This is part of the STANAG Magazine Comparison series.
Sig Sauer has been putting out STANAG magazines lately, to go with their Sig 556 series rifles. I typically don't venture into "impressions" in my reviews, but I feel in this case that I should. They feel cheap. They've got the Sig Sauer name stamped on them for some cool points, but for a sturdy magazine you're going to rely on, use a different magazine. Just as long as it isn't a Promag - the Sig magazine does feel significantly sturdier than those. The one neat thing which the Sig magazines add vs other magazines, is a set of slots on either side for a magazine connector.
As for USGI parts compatibility, the Sig magazines do rely on a completely different set of body parts. Their follower, floorplate, and body can't interchange with any parts on a USGI STANAG magazine, however the spring is completely compatible and therefore these are usable as rebuild kits in California.
Sig Sauer 30rd Magazine
All of the body parts.
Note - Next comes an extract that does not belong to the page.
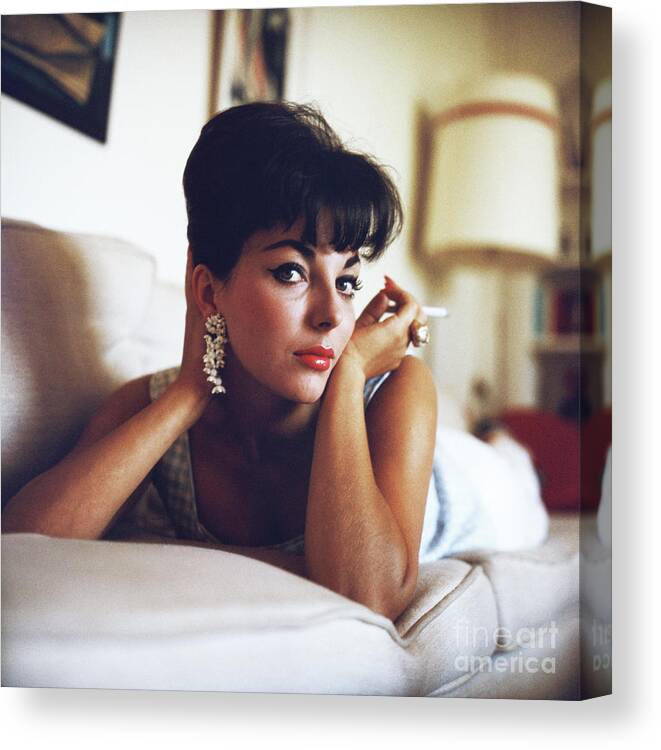 People Canvas Print featuring the photograph Actress Joan Collins Reclining by Bettmann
Note the slots on the side of the magazine - this is for the Sig branded magazine connectors.
The underside of the Sig magazine body. Note the notches on the side, which are for locking in the floorplate. In order to slide off the floorplate, one must pinch the sides of the magazine hard and pull it off.
An example of how much one must pinch the magazine. Note the notch just above my thumb.
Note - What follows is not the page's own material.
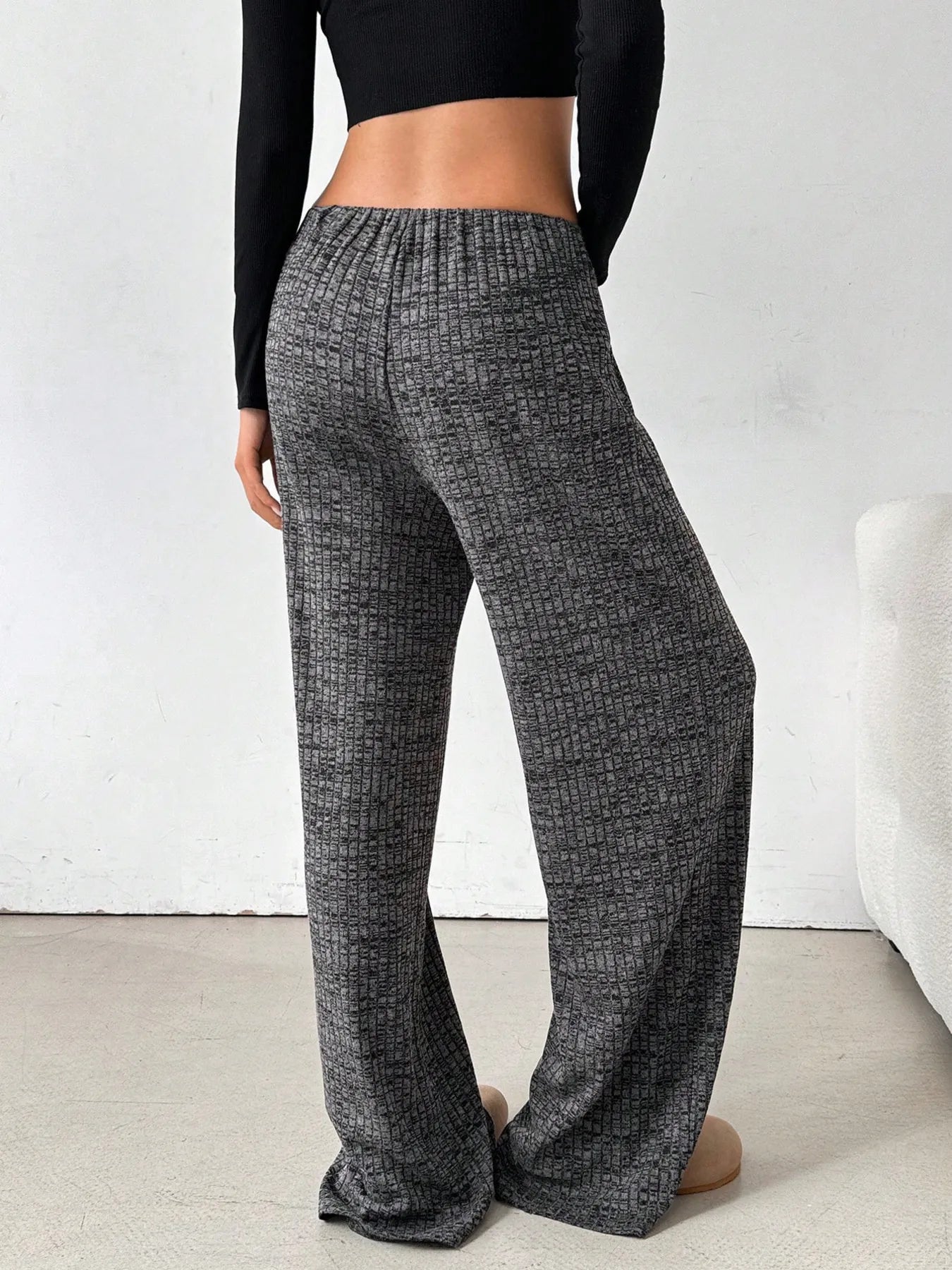 Person wearing gray checkered pants with a white background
The follower and floorplate. Note that the profile of the follower (along the sides) is very different from a USGI follower.
Sliding the floorplate off the bottom. Note that once the floorplate is past the notches, it's not hard to slide off. It's just a matter of getting past that point.
Detail on the lower half of the magazine. The floorplate is installed, and so is the magazine connector.
The two magazines, connected by the Sig Sauer connector. The magazines' slots both slide into the Sig connector. Because there are slots on both sides of the magazines, you can actually connect an unlimited number of magazines in this way. Note that the magazine to the right is lower than the magazine on the left. When inserted into an AR-15, the rifle's dust cover ends up on top of the magazine to the right.